As many
of you know, last week, President Obama’s administration struck down the 1996
Defense of Marriage Act (DOMA), which barred any federal recognition of
same-sex marriage. While President Obama
has always insisted (and continues to insist) that he favors only civil unions for homosexual couples, with the support of
Attorney General Eric Holder, the president’s administration has deemed DOMA unconstitutional.
Citing
the popularly touted reason that DOMA unfairly discriminates against homosexuals,
Holder described the administration’s decision as ‘appropriate, and unique, but
not unprecedented’.
However,
the language of Holder’s opinion on DOMA I think reveals a misunderstanding
concerning the reasons it was originally passed; reasons that show it is a
legitimate and ultimately constitutional legislation. The traditionalist’s
stance against gay marriage has been once concerned with an understanding and a
protection of the nature of marriage, as outlined and explicated in a great deal of articles and papers. A summary of the defense of
traditional marriage isn’t necessary here; what is crucial is that this defense does not choose to discriminate against a
certain group of people. Unlike discriminatory laws and attitudes such as the
ones that prevented African-Americans and women from being able to vote and
participate in the public forum, laws that defend traditional marriage seek to
arrive at the essence of What Marriage Is.
Just as
any just law rules against certain actions (people who steal are sent to jail)
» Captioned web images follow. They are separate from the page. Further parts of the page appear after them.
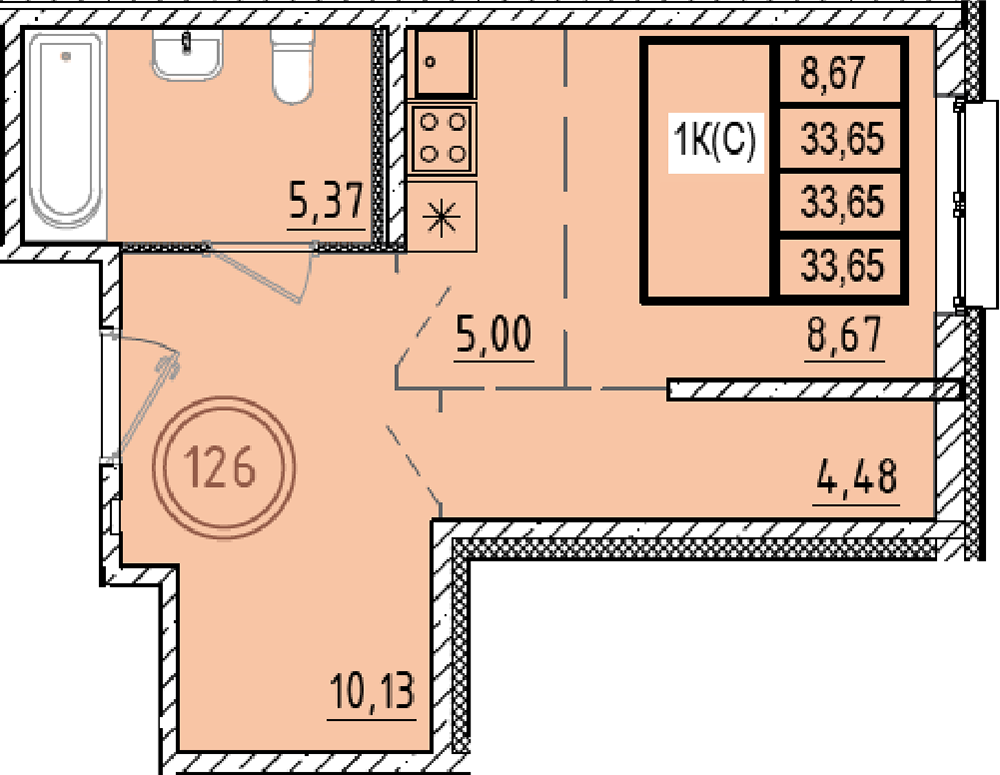 ОК 9.1 корпус 3 квартира 126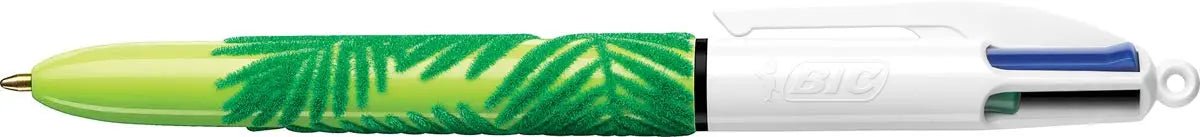 Bic 4 Kleuren Velours, balpen, 0,32 mm, 4 klassieke inktkleuren, set van 12 stuks - OfficeTown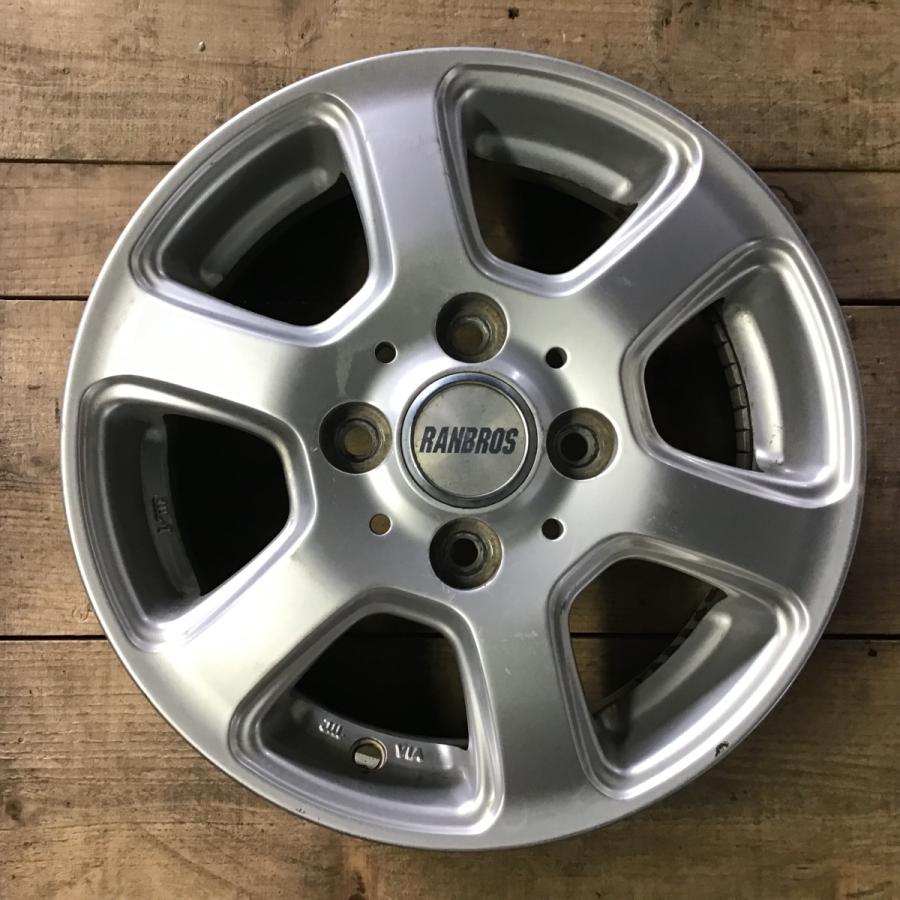 アルミ ホイール 13インチ 4本 RANBROS 社外 13×4,00B 4穴 OFFSET +43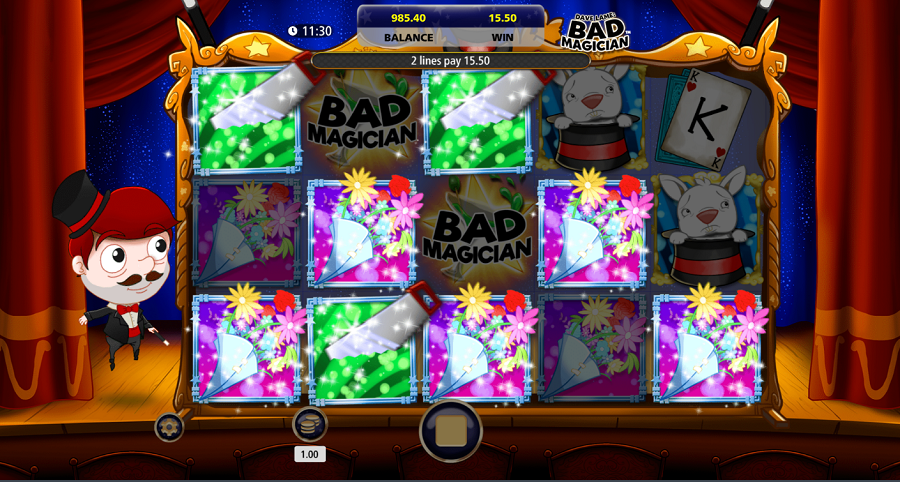 Dave Lame Bad Magician Bonus - partycasino-canada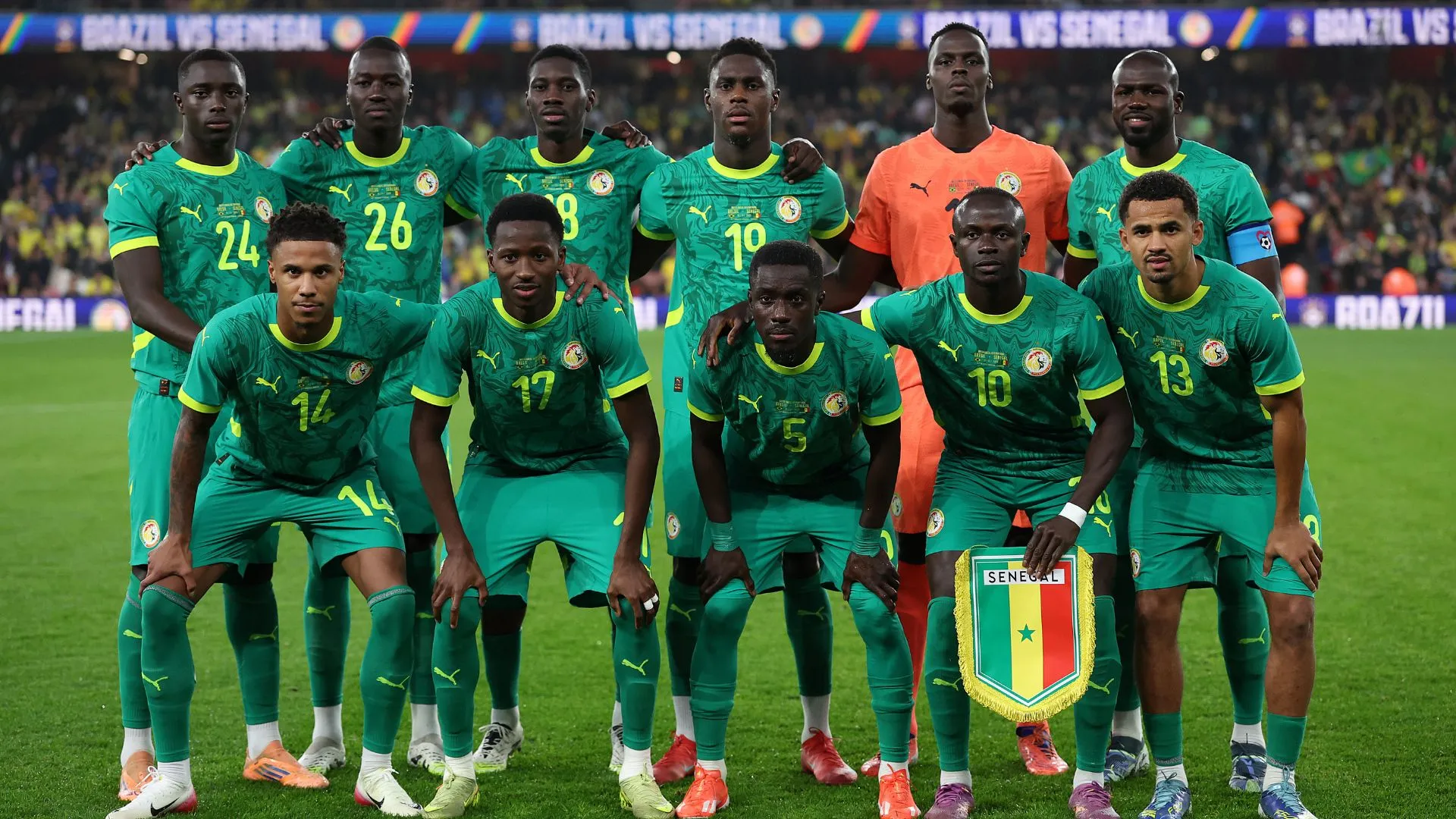 Jogadores da seleção de Senegal (foto: Harry Murphy/Getty Images)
and not against certain people (we don’t punish people who are born with a
natural inclination towards theft), so does DOMA rule against actions and not
people. As such, it does not discriminate against homosexuals at all. I feel that this is what
Holder and the Obama administration miss when they describe DOMA as
discriminatory. Rather, DOMA takes a rigorously defined understanding of
marriage and restricts the federal government from challenging this definition.